I am building a cart for my Clearvue mini using the carcass/cart of an old dust collector stand. There is going to be a vacuum unit built over the top of the mini eliminating the hose. The mini will be "permanently" sandwiched between the vacuum motor and the bin lid making the mini-cyclone to be difficult to get to if it were to clog.

I am a little worried that I am setting up some hassle if the intake gets clogged on some regular basis and needs a push stick or something to unclog it. The internal transition from round intake hose to rectangle ahead of the ramp looks a little vulnerable to clogging. That said if I use a shop vac for floor cleaning and use the mini-cyclone for saws and sanders there shouldn't be a problem. Its the thickness planner that concerns me.


----------



## therealSteveN (Oct 29, 2016)

If you are concerned it may clog, just use it a while, and see how it goes. I can't remember reading about any cyclone clogging, usually more about choke points on duct getting clogged.

Just run it on the thickness planer the next few times you use it, and if it goes well, move ahead. You are not saying anything about the DC unit, the type or diameter of the line used, so all of the combined could be an issue as well.

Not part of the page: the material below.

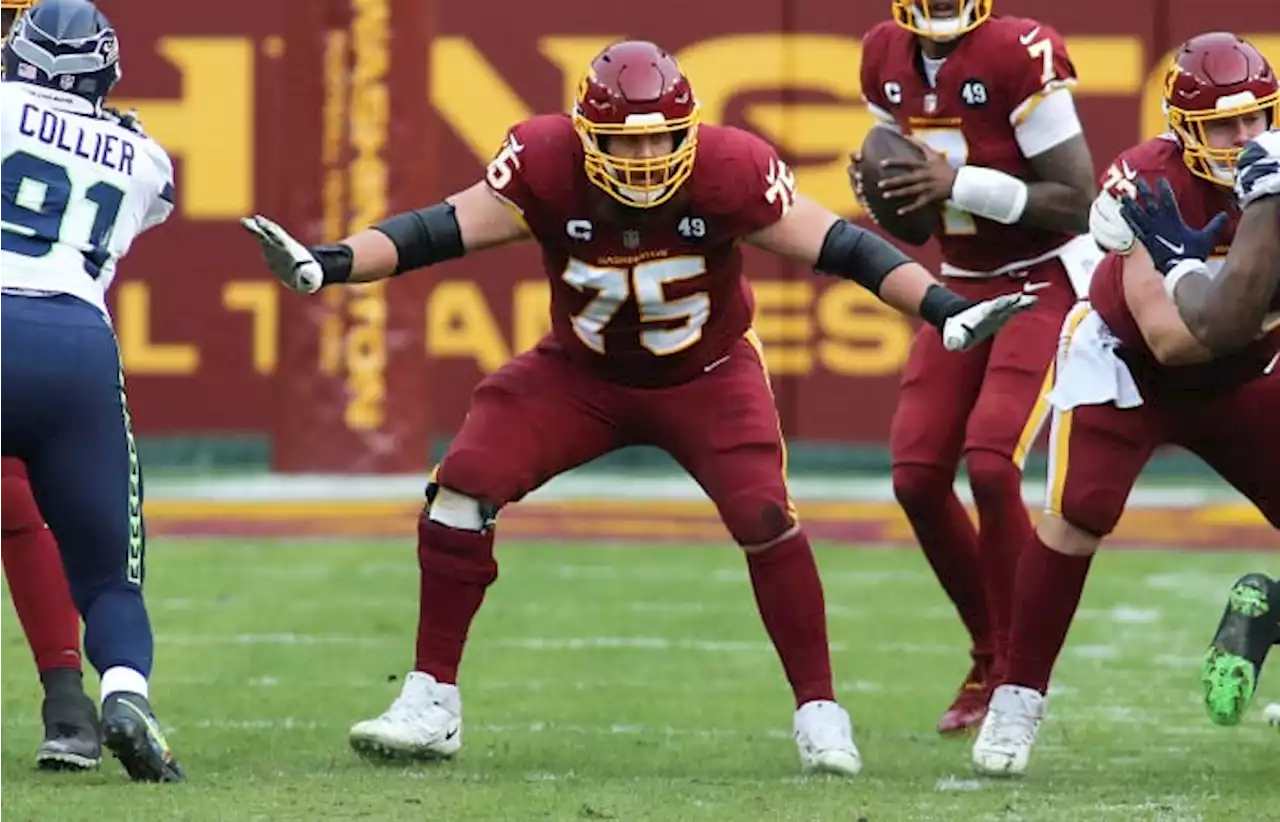 Jaguars intend to sign Pro Bowl guard Brandon Scherff, report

I look at that like doing test applications of a finishing recipe, do it away from the real piece, and instead do it on scrap. If the scrap goes well, move ahead, this is the same principle I would think.


----------



## Perplexed1ne (Apr 23, 2020)

Right. Sorry. More information:

I was looking for shop vac filters one day and came across single and dual motor vacuum lids for 55 gal drums. It was a revelation. Harking back to an admiration for Muscle Cars in my misspent youth, and disappointment that my parents would not let me put lifters on the family's 1965 Valiant, I thought it would be gratifying in later life to build a Muscle Cart. I had seen people who had built vertical DC carts that eliminated the hose between cyclone and vacuum but didn't want to take my shop vac apart. I have a pretty underpowered Shopsmith DC that is nonetheless extremely well built and easy to move around the shop. I took the blower out and am retrofitting it with the mini and a DIY vacuum lid.

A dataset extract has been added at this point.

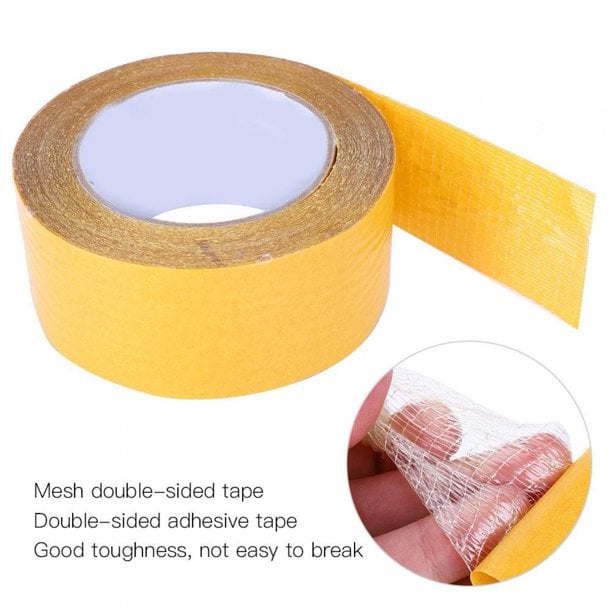 Double-Sided Mesh Tape 5$ TODAY ONLY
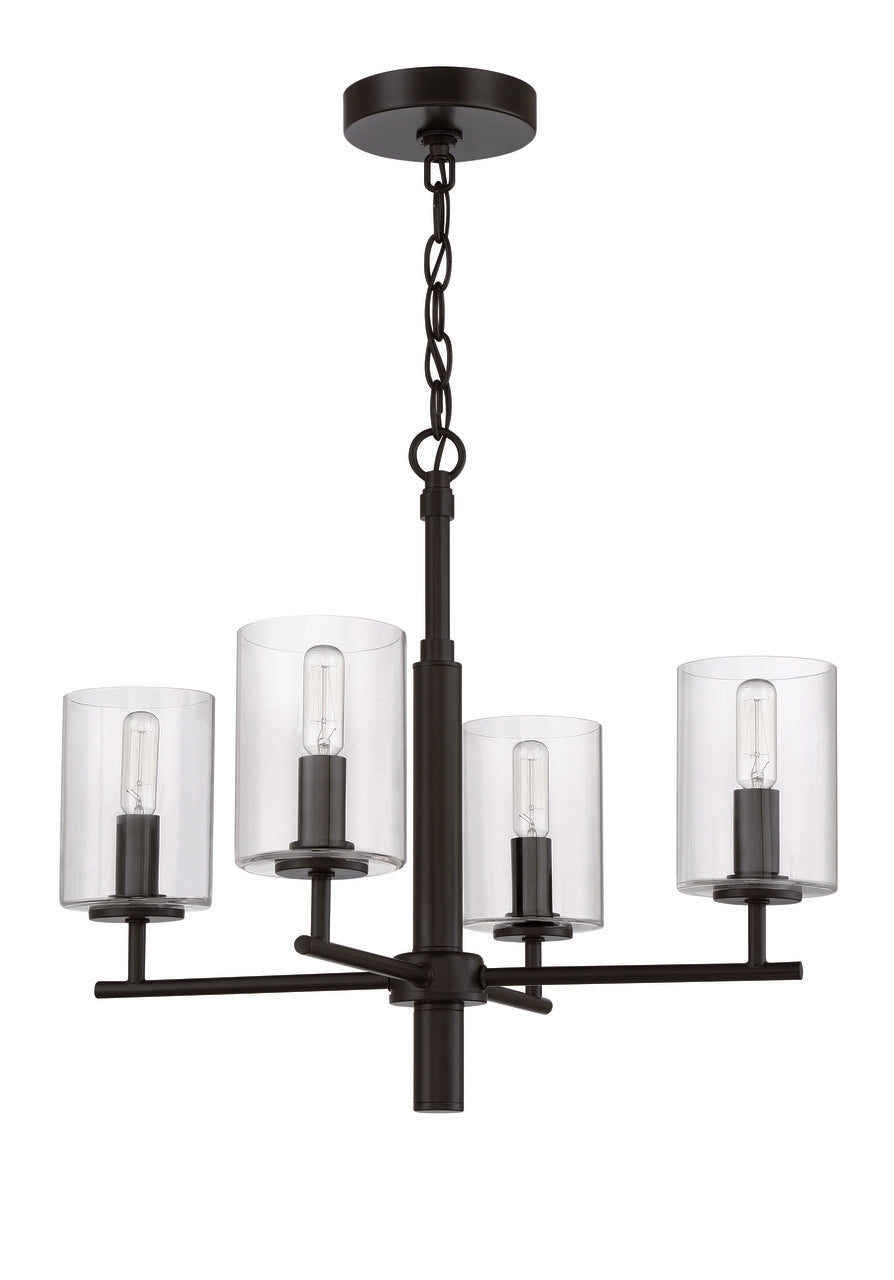 Hailie Chandelier by Craftmade - view 2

Commercial vacuum lids are north of $500 but looking at their manuals and schematics one discovers that the motors can be had pretty reasonably. I got a pair of motors with the same specs as a $900 dual motor lid for under $100. On paper I will have 225 cfm and 14" waterlift. I will be using the Rockler 1.5" flexible hose for hand sanders/routers and 2.5" on the miter saw. On paper this should suck the chrome off a trailer hitch.

But as I think about sandwiching/caulking the Clearvue Mini into place, inside what was the blower housing of the DC cart, I realized it would be out of sight and that maybe I was borrowing trouble. I suppose I could mount it above the empty blower housing, but then it is getting a bit tall and unstable. Likewise, mounting below robs me of space for the bin.

There is a 3way manifold splitter that bolts onto the blower carcass and I could always unscrew it and shove a dowel in to dislodge a clog. I was just curios if this was a known and obvious problem waiting to happen. I agree that it is worth the experiment. Just didn't want to repeat an experiment with known results.


----------



## EarlS (Dec 21, 2011)

You have to worry about sucking up larger pieces of wood scraps that get lodged in the inlet to the cyclone. I have the same problem with my cyclone mounted inside a DC cart. If the suction seems to have dropped off, I empty the dust bin under the cyclone and check the inlet to see if anything is stuck in it. Generally a larger piece of wood gets stuck and shavings get piled up on it, causing a restriction.

I wouldn't use a small cyclone with a planer. It needs a big duct to move all of the chips.

I hope I read your post correctly and provided some useful answers


----------



## AlanWS (Aug 28, 2008)

I have a small cyclone about the size of a Clearvue Mini that is connected to a shopvac, and plumbed with 2 1/2" PVC around the shop, with shopmade blastgates. It's mounted near the ceiling and connected to a reinforced metal trashcan below so I don't need to move it around (or empty it often). I found that it clogs only if I use it to clean up a lot of the mess from turning green wood, because that's so long and stringy. Everything else has been fine.


----------



## Perplexed1ne (Apr 23, 2020)

Thanks guys. All good advice. I'm waiting on some parts and will hopefully assemble this puppy in the coming months.


----------